"The foe in triumph shouted, When Christ lay in the tomb; But lo, he now is routed, his boast is turned to gloom, For Christ again is free; In glorious victory, He who is strong to save, Has triumphed o'er the grave.
"Now hell, its prince, the devil, Of all their pow'r are shorn; Now I am safe from evil, And sin I laugh to scorn. Grim death with all its might, Cannot my soul affright; It is a pow'rless form, Howe'er it rave and storm."
Jesus' body had been taken down from the cross, prepared for burial, and sealed in a tomb. What was Satan thinking on that first Good Friday? Did the evil one, who was "a murderer from the beginning" (John 8:44b), rejoice when the Son of God was crucified? From the beginning, from Eden, Satan sought to undermine the Word and then, in time, the Word made flesh. Confronting Jesus in the wilderness, Satan tried unsuccessfully to turn the Savior from the path set before Him. The devil put betrayal into Judas' heart, and the disciple traded his Master for silver coins (see John 13:2). At His arrest in Gethsemane, Jesus, for the sake of our salvation, willingly submitted to His captors and to "the power of darkness" (Luke 22:53b).
But if the ancient serpent thought he had won, he was greatly mistaken. The devil "now is routed," our hymn proclaims, and so he was. On the first Easter morning Jesus rose from the dead "in glorious victory." Jesus took on our flesh and blood so that "through death He might destroy the one who has the power of death, that is, the devil" (Hebrews 2:14b). The innocent Lamb of God carried our sins in His own body to the cross, the sins by which Satan had hoped to separate us from God forever. By His death and resurrection, Jesus took the power of sin and death from Satan's hand. Grim death is now "a pow'rless form, howe'er it rave and storm" against us. Jesus has "triumphed o'er the grave" and, at His return, so will we!
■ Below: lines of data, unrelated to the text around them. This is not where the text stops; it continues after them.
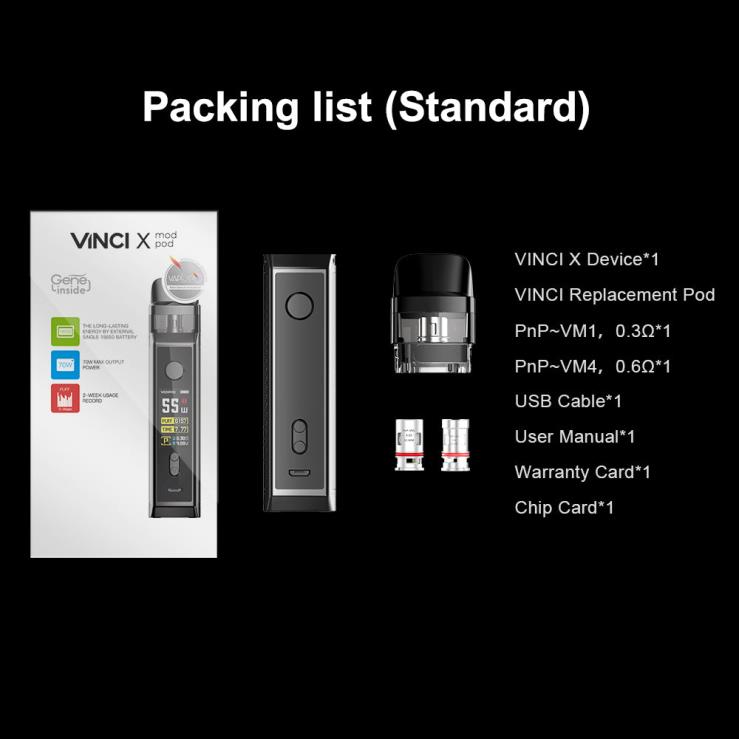VOOPOO Vape Coil Brasil - VOOPOO VINCI X kit mod pod fibra de carbono TPN0V346
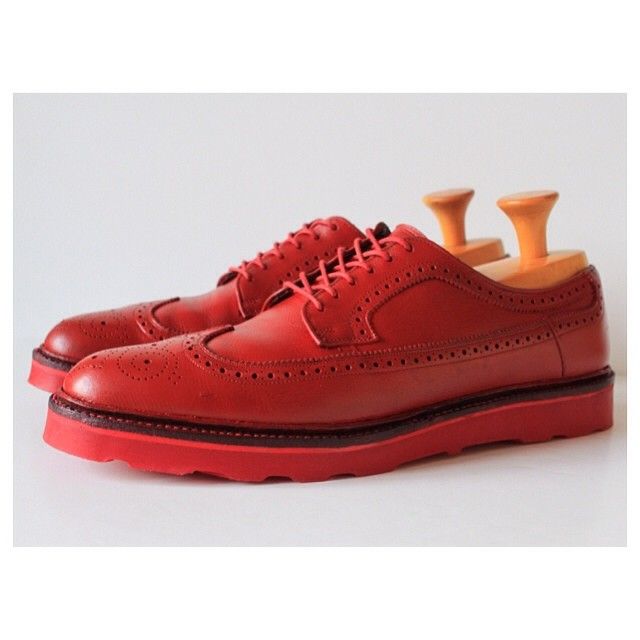 Red leather brogues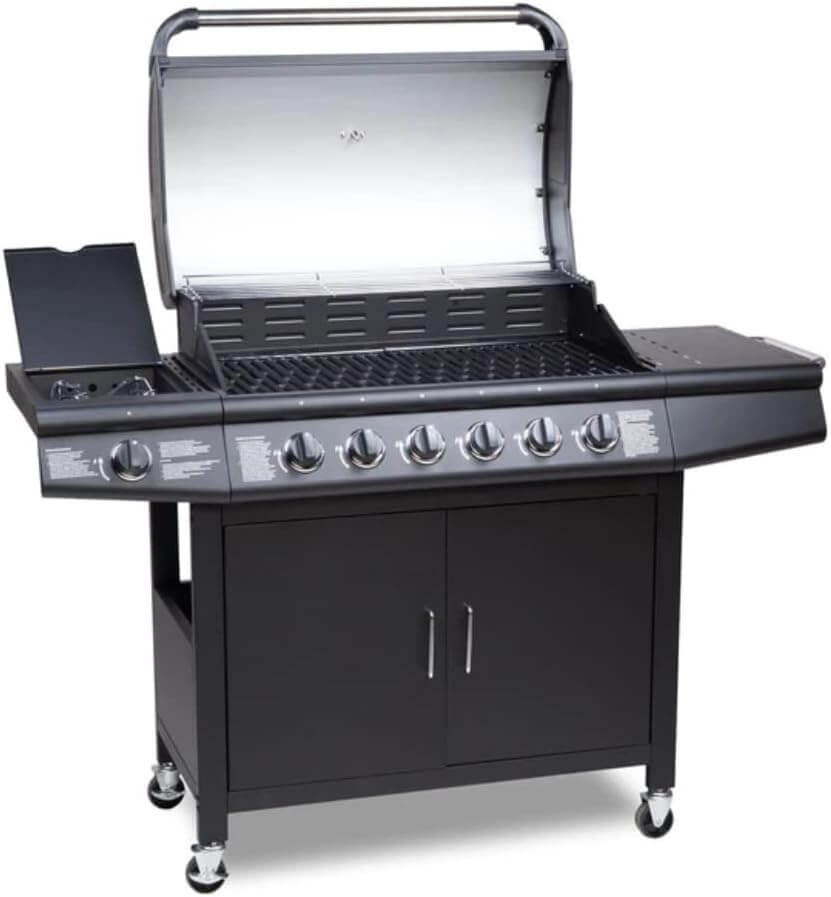 Pro Deluxe 7 Gas Burner 6+1 Barbecue Grill Stainless-Steel Warming Rack, Side-Burner, Built-in Temperature Gauge and Weatherproof Cover (Black)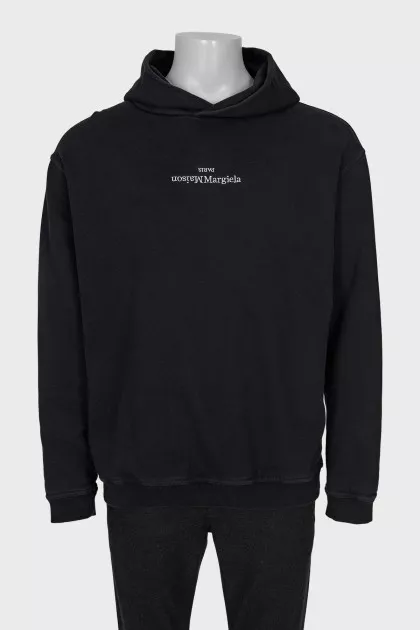Men's black hoodie with brand logo
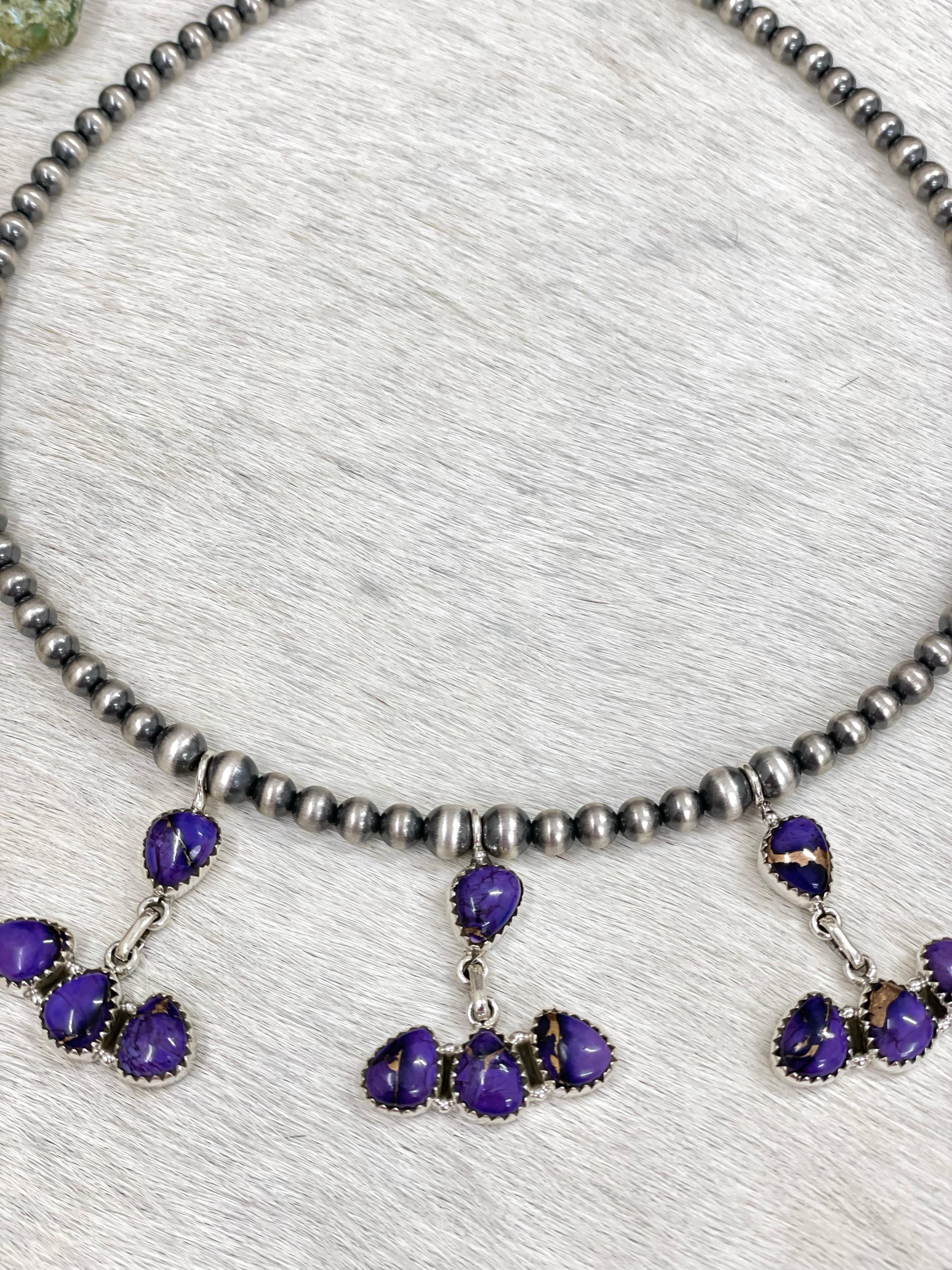 Handmade Sterling Silver Grape Dahlia Beaded Necklace with Signed Nizhoni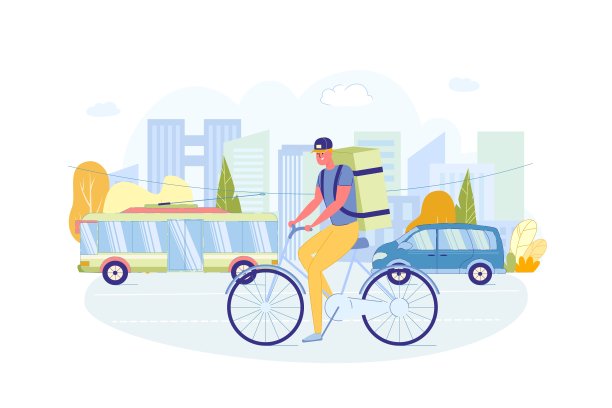 骑着自行车背着大袋子的快递员。图片下载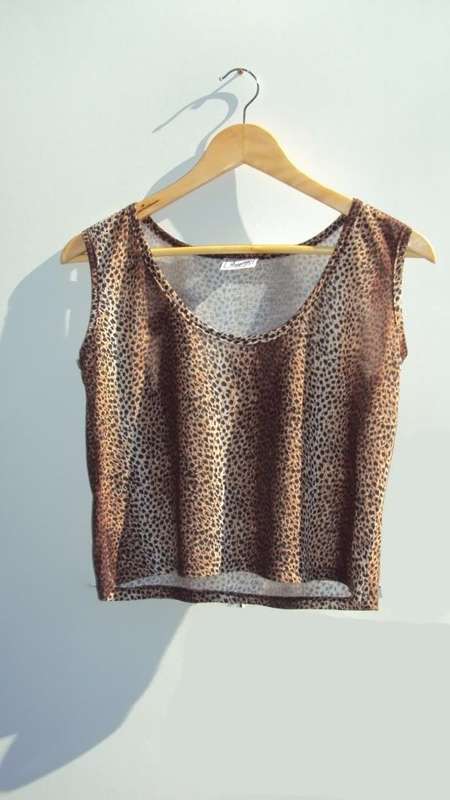 Vintage Leopard Print Crop Top - S/M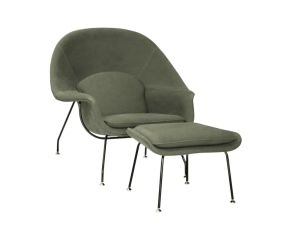 Poltrona Womb Com Puff em Lona Verde Militar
When the sins we have confessed still trouble us, when we doubt that we can ever be forgiven, we look to the cross and empty tomb. For there, Satan, our enemy and accuser, fell in defeat. Thrashing purposefully in his death throes, Satan still seeks to tempt us and turn us from God and His Word, but the weapons of sin and death that the enemy once wielded to such devastating effect have been torn from his grasp. "Now I am safe from evil, and sin I laugh to scorn." Our sins are forgiven, washed away in Jesus' blood. Death and the grave will not hold us because death and the grave could not hold our Lord.
"He who is strong to save has triumphed o'er the grave!"
THE PRAYER: Lord Jesus, by Your death and resurrection You have won the victory over sin, death, and Satan. In the power of the Holy Spirit, lead us to share with others the good news of the forgiveness and life found only through faith in Your Name. Amen.
This Daily Devotion was written by Dr. Carol Geisler. It is based on the hymn, "Awake, My Heart, with Gladness," which is found on page 467 of the Lutheran Service Book.
1. What did Satan hope to gain by his temptations of Jesus in the wilderness?
2. Do you believe you have a real and lasting victory over sin and the devil in your life?
3. How much of defeating Satan on a daily basis hinges on your prayer life and your trust in God?